** Your task **
Copy, with no pictures, the line that contains "Makeup Organizer Countertop" and each line after it down to the end of the entries below, exactly.

==== Material for the task ====

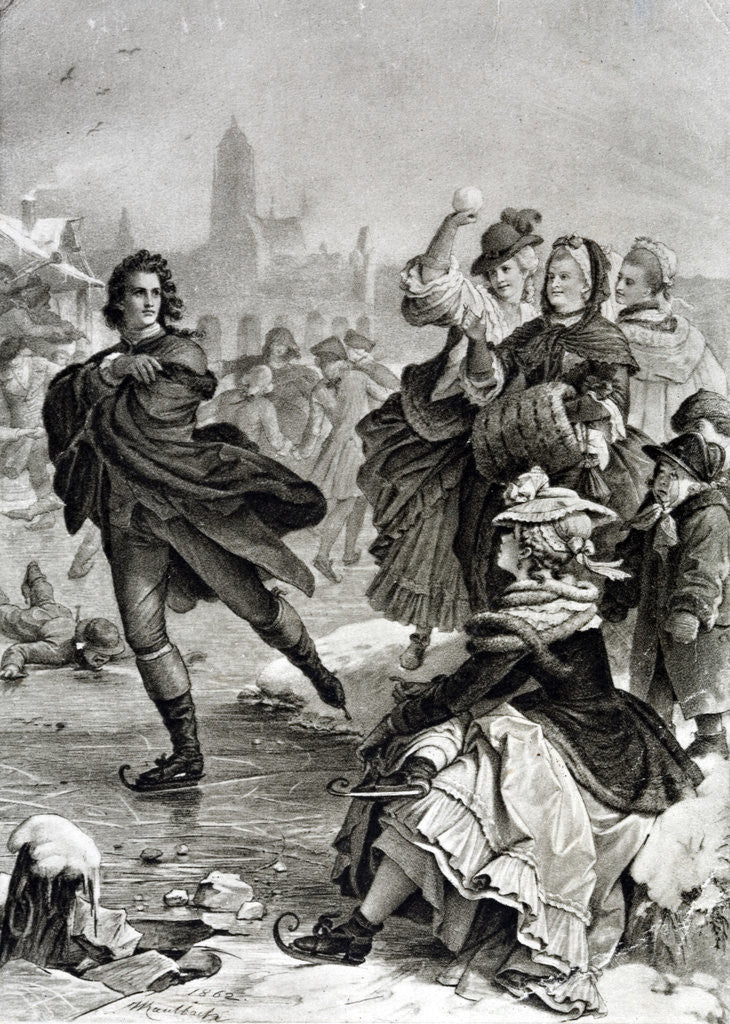 Detail of Illustration of Friederich Schiller skating on ice by Anonymous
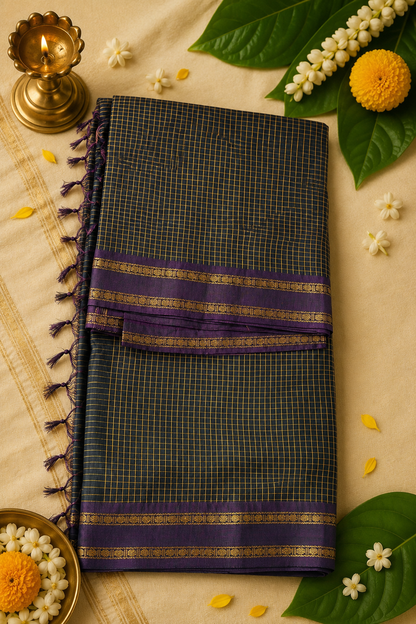 Classic Arani Pattu Cotton Saree | Checked Weave with Rich Zari Border | 4 Colour Variants
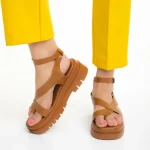 Sandale dama camel din piele ecologica Abilene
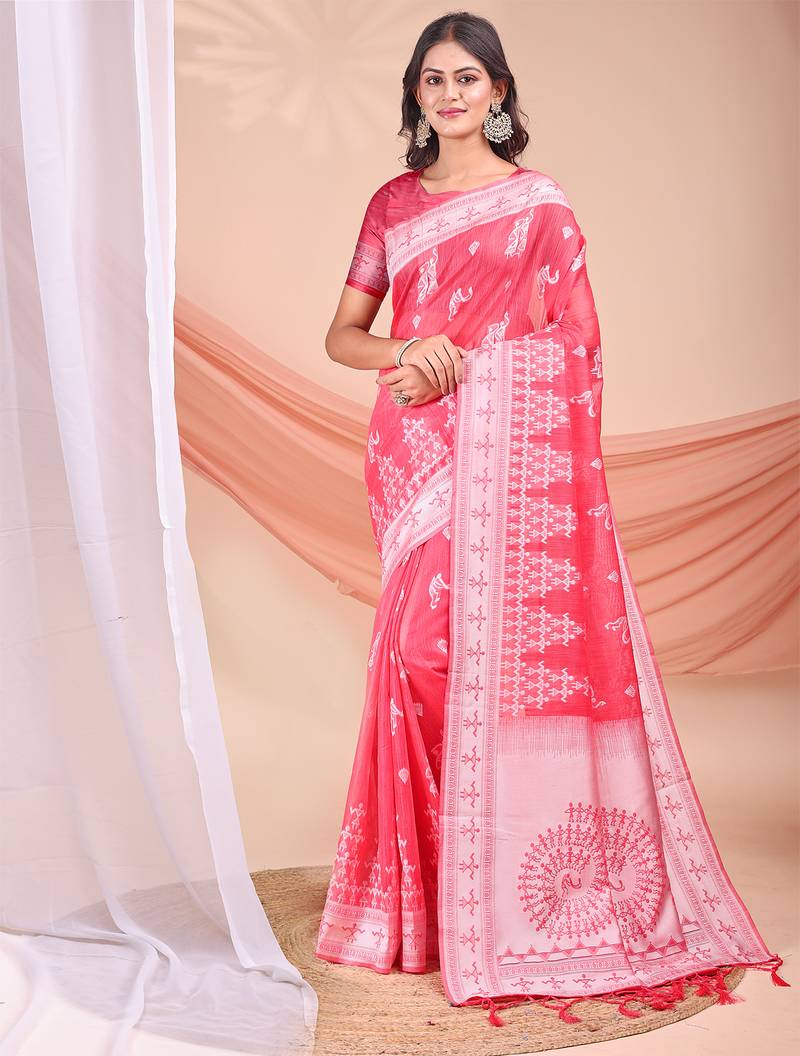 pink color embroidered & woven linen cotton saree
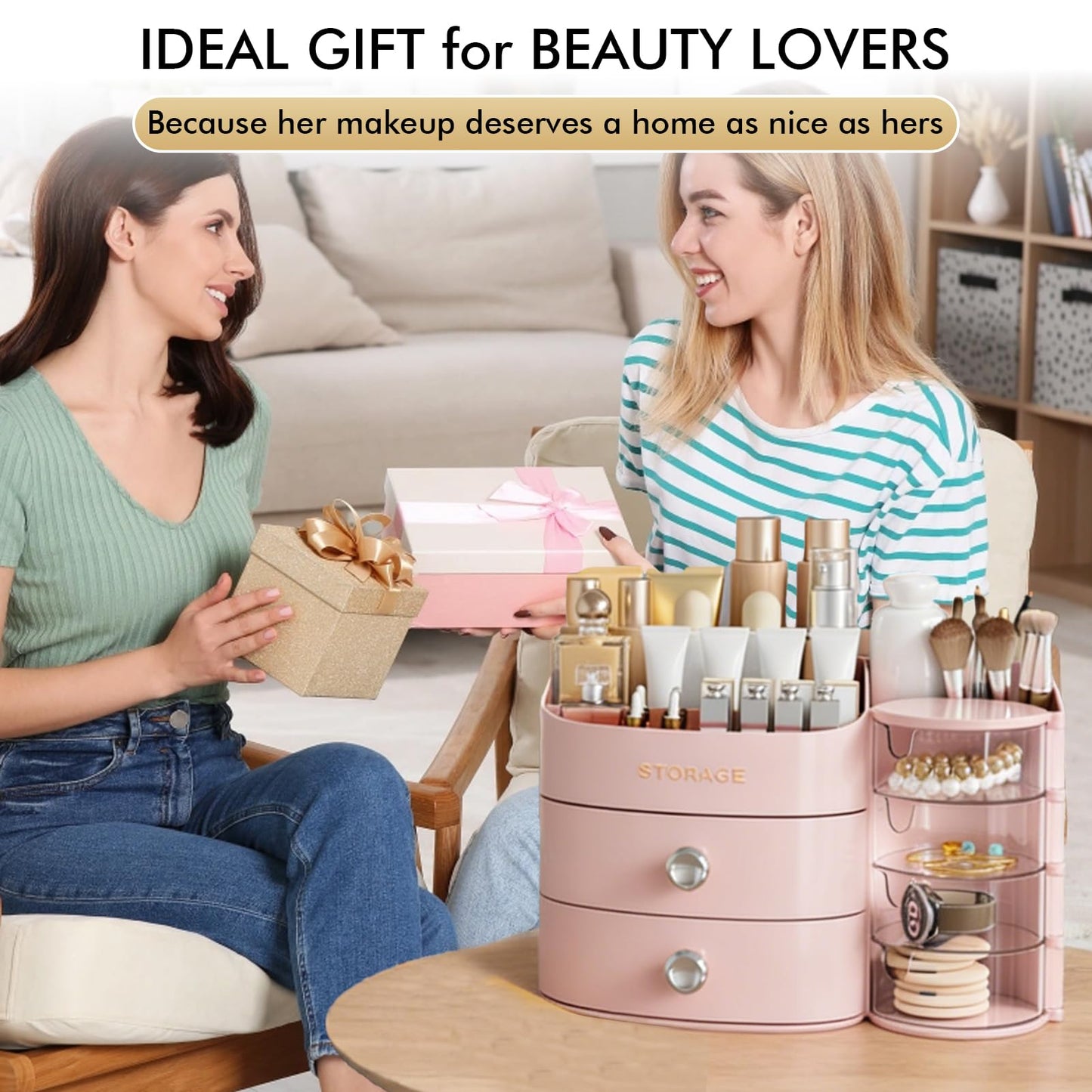 Makeup Organizer Countertop with Drawers, Make up Organizers for Vanity, Skincare Jewelry Earring Organizers, Cosmetic Display Cases Makeup Storage for Bedroom & Bathroom, Ideal Gifts for Women(Pink)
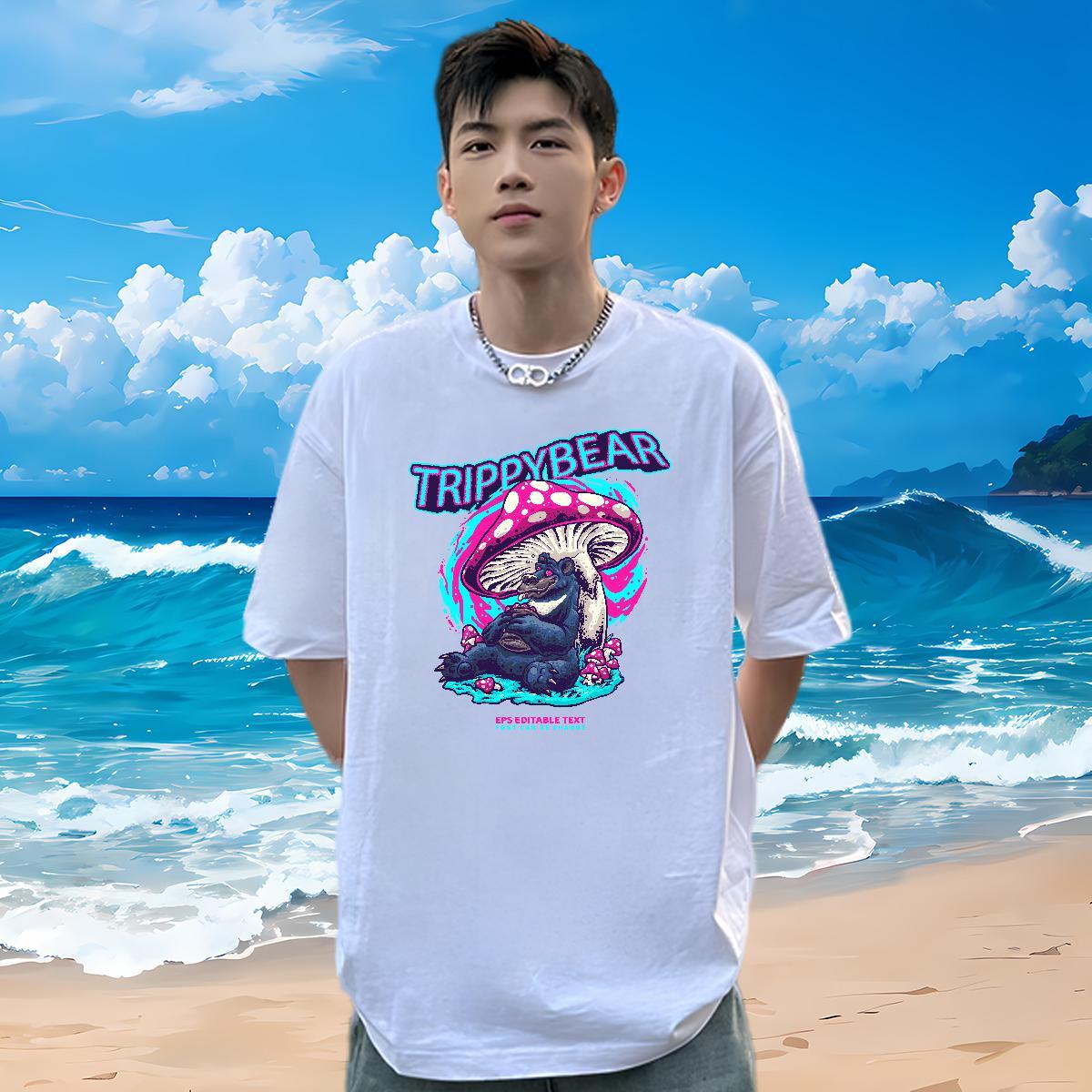 2024 Summer T-Shirts 230g Pure Cotton mushroom Street Casual Tops Breathable Short Sleeve Comfortable Men Tees DIY Logo Oversized
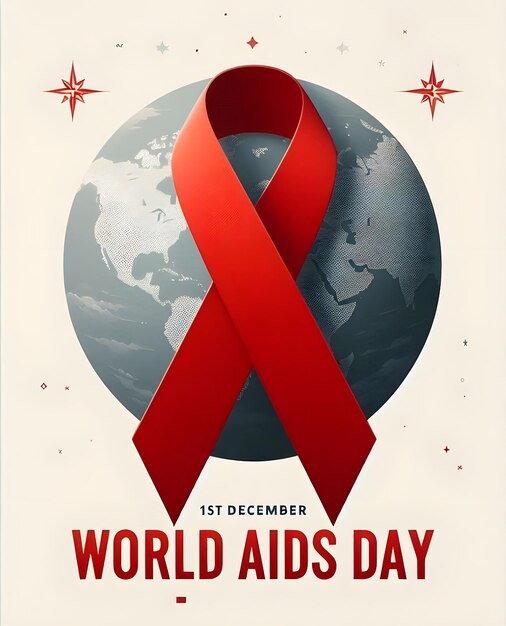 Poster design for world aids day with red ribbon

====

** Answer for this exercise **
 Makeup Organizer Countertop with Drawers, Make up Organizers for Vanity, Skincare Jewelry Earring Organizers, Cosmetic Display Cases Makeup Storage for Bedroom & Bathroom, Ideal Gifts for Women(Pink)
 2024 Summer T-Shirts 230g Pure Cotton mushroom Street Casual Tops Breathable Short Sleeve Comfortable Men Tees DIY Logo Oversized
 Poster design for world aids day with red ribbon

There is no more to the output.